> **EXERCISE DESCRIPTION**
Every entry is to be written out word for word.

> **INPUT FOR THIS TASK**
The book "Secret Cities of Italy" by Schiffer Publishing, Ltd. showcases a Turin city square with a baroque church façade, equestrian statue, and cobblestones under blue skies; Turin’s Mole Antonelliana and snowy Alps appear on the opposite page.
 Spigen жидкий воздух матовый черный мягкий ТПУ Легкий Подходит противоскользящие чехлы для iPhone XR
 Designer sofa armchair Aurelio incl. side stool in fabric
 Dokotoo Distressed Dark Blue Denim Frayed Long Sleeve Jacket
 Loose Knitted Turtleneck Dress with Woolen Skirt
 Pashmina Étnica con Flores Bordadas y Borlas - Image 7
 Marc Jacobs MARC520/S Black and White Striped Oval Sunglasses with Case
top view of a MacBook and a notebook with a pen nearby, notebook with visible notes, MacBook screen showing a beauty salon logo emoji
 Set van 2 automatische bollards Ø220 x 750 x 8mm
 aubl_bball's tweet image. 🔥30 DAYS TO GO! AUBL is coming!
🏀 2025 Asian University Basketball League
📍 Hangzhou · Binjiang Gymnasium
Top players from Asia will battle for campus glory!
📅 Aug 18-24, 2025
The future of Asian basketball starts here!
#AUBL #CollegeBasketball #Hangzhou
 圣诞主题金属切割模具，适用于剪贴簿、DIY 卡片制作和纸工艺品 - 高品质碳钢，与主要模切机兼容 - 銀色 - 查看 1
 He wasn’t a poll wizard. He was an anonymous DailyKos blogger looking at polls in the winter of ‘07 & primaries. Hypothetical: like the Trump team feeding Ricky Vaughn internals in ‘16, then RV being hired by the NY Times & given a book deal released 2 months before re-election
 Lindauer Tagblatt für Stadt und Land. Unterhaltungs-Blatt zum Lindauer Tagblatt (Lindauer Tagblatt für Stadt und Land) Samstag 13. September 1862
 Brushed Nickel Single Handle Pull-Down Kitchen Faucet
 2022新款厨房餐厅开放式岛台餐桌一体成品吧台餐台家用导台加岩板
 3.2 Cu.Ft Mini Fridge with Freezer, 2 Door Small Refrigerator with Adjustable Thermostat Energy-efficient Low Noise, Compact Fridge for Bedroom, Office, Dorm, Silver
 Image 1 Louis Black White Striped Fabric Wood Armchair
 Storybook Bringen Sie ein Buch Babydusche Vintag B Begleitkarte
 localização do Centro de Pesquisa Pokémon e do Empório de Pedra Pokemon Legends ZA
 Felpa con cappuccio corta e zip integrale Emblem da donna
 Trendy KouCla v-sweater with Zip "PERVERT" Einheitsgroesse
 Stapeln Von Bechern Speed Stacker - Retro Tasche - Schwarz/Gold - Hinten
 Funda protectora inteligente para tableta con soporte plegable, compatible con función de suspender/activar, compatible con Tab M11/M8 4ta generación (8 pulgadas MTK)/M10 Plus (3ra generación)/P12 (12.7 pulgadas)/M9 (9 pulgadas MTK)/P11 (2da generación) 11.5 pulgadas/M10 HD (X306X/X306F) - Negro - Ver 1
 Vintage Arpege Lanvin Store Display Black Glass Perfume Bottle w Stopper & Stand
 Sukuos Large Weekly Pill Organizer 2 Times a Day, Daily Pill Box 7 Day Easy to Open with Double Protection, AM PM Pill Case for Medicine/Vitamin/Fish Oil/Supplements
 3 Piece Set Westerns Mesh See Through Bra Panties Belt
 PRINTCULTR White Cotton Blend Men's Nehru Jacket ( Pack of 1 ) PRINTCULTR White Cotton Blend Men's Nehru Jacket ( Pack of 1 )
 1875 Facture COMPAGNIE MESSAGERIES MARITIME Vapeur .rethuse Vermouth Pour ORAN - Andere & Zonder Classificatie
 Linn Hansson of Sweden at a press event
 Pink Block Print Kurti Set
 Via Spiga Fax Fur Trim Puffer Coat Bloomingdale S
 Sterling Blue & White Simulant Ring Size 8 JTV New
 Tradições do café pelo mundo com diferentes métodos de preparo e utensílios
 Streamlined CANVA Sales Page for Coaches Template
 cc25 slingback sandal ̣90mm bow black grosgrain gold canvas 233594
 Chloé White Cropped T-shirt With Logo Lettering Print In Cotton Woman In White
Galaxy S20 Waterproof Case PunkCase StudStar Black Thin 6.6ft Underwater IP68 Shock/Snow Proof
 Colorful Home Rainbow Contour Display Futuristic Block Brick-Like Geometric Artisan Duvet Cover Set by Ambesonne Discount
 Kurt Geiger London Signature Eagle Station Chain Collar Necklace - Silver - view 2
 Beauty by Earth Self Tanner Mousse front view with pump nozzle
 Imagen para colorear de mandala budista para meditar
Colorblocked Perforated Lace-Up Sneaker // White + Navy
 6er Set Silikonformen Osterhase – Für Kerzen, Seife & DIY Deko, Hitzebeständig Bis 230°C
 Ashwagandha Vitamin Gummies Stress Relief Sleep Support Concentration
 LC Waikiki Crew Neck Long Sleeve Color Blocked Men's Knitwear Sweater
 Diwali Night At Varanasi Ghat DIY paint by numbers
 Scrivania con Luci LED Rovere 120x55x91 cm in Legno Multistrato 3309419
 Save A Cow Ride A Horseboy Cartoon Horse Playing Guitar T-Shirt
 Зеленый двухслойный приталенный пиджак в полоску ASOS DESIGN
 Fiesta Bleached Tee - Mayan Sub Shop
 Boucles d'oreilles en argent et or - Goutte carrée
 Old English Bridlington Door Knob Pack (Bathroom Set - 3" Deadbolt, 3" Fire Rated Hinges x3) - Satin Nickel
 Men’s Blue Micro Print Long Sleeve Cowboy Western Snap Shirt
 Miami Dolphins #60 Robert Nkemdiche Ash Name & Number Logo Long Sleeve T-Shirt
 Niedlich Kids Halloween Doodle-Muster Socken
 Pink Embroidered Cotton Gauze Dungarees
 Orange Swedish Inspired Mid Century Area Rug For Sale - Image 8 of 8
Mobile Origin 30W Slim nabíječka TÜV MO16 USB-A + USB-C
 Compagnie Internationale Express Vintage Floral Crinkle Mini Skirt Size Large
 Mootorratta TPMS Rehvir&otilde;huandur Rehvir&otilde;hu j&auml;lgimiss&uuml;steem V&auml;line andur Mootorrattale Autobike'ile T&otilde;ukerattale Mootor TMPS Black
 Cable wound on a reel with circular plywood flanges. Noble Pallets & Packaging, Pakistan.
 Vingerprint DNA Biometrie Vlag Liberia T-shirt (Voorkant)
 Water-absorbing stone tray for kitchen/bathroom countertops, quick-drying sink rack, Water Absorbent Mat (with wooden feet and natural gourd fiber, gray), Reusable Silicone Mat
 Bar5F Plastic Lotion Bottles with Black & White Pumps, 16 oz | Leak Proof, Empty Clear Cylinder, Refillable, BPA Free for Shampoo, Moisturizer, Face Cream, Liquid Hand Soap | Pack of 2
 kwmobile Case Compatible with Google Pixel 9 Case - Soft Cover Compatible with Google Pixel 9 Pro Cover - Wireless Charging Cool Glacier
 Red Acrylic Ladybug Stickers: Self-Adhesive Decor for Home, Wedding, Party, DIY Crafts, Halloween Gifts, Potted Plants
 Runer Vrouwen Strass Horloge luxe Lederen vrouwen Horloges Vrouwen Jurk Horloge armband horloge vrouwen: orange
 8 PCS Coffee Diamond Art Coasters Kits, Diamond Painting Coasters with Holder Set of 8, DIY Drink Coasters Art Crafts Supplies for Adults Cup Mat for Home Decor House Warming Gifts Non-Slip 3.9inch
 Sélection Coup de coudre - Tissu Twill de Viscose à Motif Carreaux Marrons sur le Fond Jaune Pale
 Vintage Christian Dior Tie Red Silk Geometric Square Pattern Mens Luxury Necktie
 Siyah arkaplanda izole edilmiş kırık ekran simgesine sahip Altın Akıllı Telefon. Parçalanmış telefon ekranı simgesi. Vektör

> **RESPONSE AREA**
The book "Secret Cities of Italy" by Schiffer Publishing, Ltd. showcases a Turin city square with a baroque church façade, equestrian statue, and cobblestones under blue skies; Turin’s Mole Antonelliana and snowy Alps appear on the opposite page.
 Spigen жидкий воздух матовый черный мягкий ТПУ Легкий Подходит противоскользящие чехлы для iPhone XR
 Designer sofa armchair Aurelio incl. side stool in fabric
 Dokotoo Distressed Dark Blue Denim Frayed Long Sleeve Jacket
 Loose Knitted Turtleneck Dress with Woolen Skirt
 Pashmina Étnica con Flores Bordadas y Borlas - Image 7
 Marc Jacobs MARC520/S Black and White Striped Oval Sunglasses with Case
top view of a MacBook and a notebook with a pen nearby, notebook with visible notes, MacBook screen showing a beauty salon logo emoji
 Set van 2 automatische bollards Ø220 x 750 x 8mm
 aubl_bball's tweet image. 🔥30 DAYS TO GO! AUBL is coming!
🏀 2025 Asian University Basketball League
📍 Hangzhou · Binjiang Gymnasium
Top players from Asia will battle for campus glory!
📅 Aug 18-24, 2025
The future of Asian basketball starts here!
#AUBL #CollegeBasketball #Hangzhou
 圣诞主题金属切割模具，适用于剪贴簿、DIY 卡片制作和纸工艺品 - 高品质碳钢，与主要模切机兼容 - 銀色 - 查看 1
 He wasn’t a poll wizard. He was an anonymous DailyKos blogger looking at polls in the winter of ‘07 & primaries. Hypothetical: like the Trump team feeding Ricky Vaughn internals in ‘16, then RV being hired by the NY Times & given a book deal released 2 months before re-election
 Lindauer Tagblatt für Stadt und Land. Unterhaltungs-Blatt zum Lindauer Tagblatt (Lindauer Tagblatt für Stadt und Land) Samstag 13. September 1862
 Brushed Nickel Single Handle Pull-Down Kitchen Faucet
 2022新款厨房餐厅开放式岛台餐桌一体成品吧台餐台家用导台加岩板
 3.2 Cu.Ft Mini Fridge with Freezer, 2 Door Small Refrigerator with Adjustable Thermostat Energy-efficient Low Noise, Compact Fridge for Bedroom, Office, Dorm, Silver
 Image 1 Louis Black White Striped Fabric Wood Armchair
 Storybook Bringen Sie ein Buch Babydusche Vintag B Begleitkarte
 localização do Centro de Pesquisa Pokémon e do Empório de Pedra Pokemon Legends ZA
 Felpa con cappuccio corta e zip integrale Emblem da donna
 Trendy KouCla v-sweater with Zip "PERVERT" Einheitsgroesse
 Stapeln Von Bechern Speed Stacker - Retro Tasche - Schwarz/Gold - Hinten
 Funda protectora inteligente para tableta con soporte plegable, compatible con función de suspender/activar, compatible con Tab M11/M8 4ta generación (8 pulgadas MTK)/M10 Plus (3ra generación)/P12 (12.7 pulgadas)/M9 (9 pulgadas MTK)/P11 (2da generación) 11.5 pulgadas/M10 HD (X306X/X306F) - Negro - Ver 1
 Vintage Arpege Lanvin Store Display Black Glass Perfume Bottle w Stopper & Stand
 Sukuos Large Weekly Pill Organizer 2 Times a Day, Daily Pill Box 7 Day Easy to Open with Double Protection, AM PM Pill Case for Medicine/Vitamin/Fish Oil/Supplements
 3 Piece Set Westerns Mesh See Through Bra Panties Belt
 PRINTCULTR White Cotton Blend Men's Nehru Jacket ( Pack of 1 ) PRINTCULTR White Cotton Blend Men's Nehru Jacket ( Pack of 1 )
 1875 Facture COMPAGNIE MESSAGERIES MARITIME Vapeur .rethuse Vermouth Pour ORAN - Andere & Zonder Classificatie
 Linn Hansson of Sweden at a press event
 Pink Block Print Kurti Set
 Via Spiga Fax Fur Trim Puffer Coat Bloomingdale S
 Sterling Blue & White Simulant Ring Size 8 JTV New
 Tradições do café pelo mundo com diferentes métodos de preparo e utensílios
 Streamlined CANVA Sales Page for Coaches Template
 cc25 slingback sandal ̣90mm bow black grosgrain gold canvas 233594
 Chloé White Cropped T-shirt With Logo Lettering Print In Cotton Woman In White
Galaxy S20 Waterproof Case PunkCase StudStar Black Thin 6.6ft Underwater IP68 Shock/Snow Proof
 Colorful Home Rainbow Contour Display Futuristic Block Brick-Like Geometric Artisan Duvet Cover Set by Ambesonne Discount
 Kurt Geiger London Signature Eagle Station Chain Collar Necklace - Silver - view 2
 Beauty by Earth Self Tanner Mousse front view with pump nozzle
 Imagen para colorear de mandala budista para meditar
Colorblocked Perforated Lace-Up Sneaker // White + Navy
 6er Set Silikonformen Osterhase – Für Kerzen, Seife & DIY Deko, Hitzebeständig Bis 230°C
 Ashwagandha Vitamin Gummies Stress Relief Sleep Support Concentration
 LC Waikiki Crew Neck Long Sleeve Color Blocked Men's Knitwear Sweater
 Diwali Night At Varanasi Ghat DIY paint by numbers
 Scrivania con Luci LED Rovere 120x55x91 cm in Legno Multistrato 3309419
 Save A Cow Ride A Horseboy Cartoon Horse Playing Guitar T-Shirt
 Зеленый двухслойный приталенный пиджак в полоску ASOS DESIGN
 Fiesta Bleached Tee - Mayan Sub Shop
 Boucles d'oreilles en argent et or - Goutte carrée
 Old English Bridlington Door Knob Pack (Bathroom Set - 3" Deadbolt, 3" Fire Rated Hinges x3) - Satin Nickel
 Men’s Blue Micro Print Long Sleeve Cowboy Western Snap Shirt
 Miami Dolphins #60 Robert Nkemdiche Ash Name & Number Logo Long Sleeve T-Shirt
 Niedlich Kids Halloween Doodle-Muster Socken
 Pink Embroidered Cotton Gauze Dungarees
 Orange Swedish Inspired Mid Century Area Rug For Sale - Image 8 of 8
Mobile Origin 30W Slim nabíječka TÜV MO16 USB-A + USB-C
 Compagnie Internationale Express Vintage Floral Crinkle Mini Skirt Size Large
 Mootorratta TPMS Rehvir&otilde;huandur Rehvir&otilde;hu j&auml;lgimiss&uuml;steem V&auml;line andur Mootorrattale Autobike'ile T&otilde;ukerattale Mootor TMPS Black
 Cable wound on a reel with circular plywood flanges. Noble Pallets & Packaging, Pakistan.
 Vingerprint DNA Biometrie Vlag Liberia T-shirt (Voorkant)
 Water-absorbing stone tray for kitchen/bathroom countertops, quick-drying sink rack, Water Absorbent Mat (with wooden feet and natural gourd fiber, gray), Reusable Silicone Mat
 Bar5F Plastic Lotion Bottles with Black & White Pumps, 16 oz | Leak Proof, Empty Clear Cylinder, Refillable, BPA Free for Shampoo, Moisturizer, Face Cream, Liquid Hand Soap | Pack of 2
 kwmobile Case Compatible with Google Pixel 9 Case - Soft Cover Compatible with Google Pixel 9 Pro Cover - Wireless Charging Cool Glacier
 Red Acrylic Ladybug Stickers: Self-Adhesive Decor for Home, Wedding, Party, DIY Crafts, Halloween Gifts, Potted Plants
 Runer Vrouwen Strass Horloge luxe Lederen vrouwen Horloges Vrouwen Jurk Horloge armband horloge vrouwen: orange
 8 PCS Coffee Diamond Art Coasters Kits, Diamond Painting Coasters with Holder Set of 8, DIY Drink Coasters Art Crafts Supplies for Adults Cup Mat for Home Decor House Warming Gifts Non-Slip 3.9inch
 Sélection Coup de coudre - Tissu Twill de Viscose à Motif Carreaux Marrons sur le Fond Jaune Pale
 Vintage Christian Dior Tie Red Silk Geometric Square Pattern Mens Luxury Necktie
 Siyah arkaplanda izole edilmiş kırık ekran simgesine sahip Altın Akıllı Telefon. Parçalanmış telefon ekranı simgesi. Vektör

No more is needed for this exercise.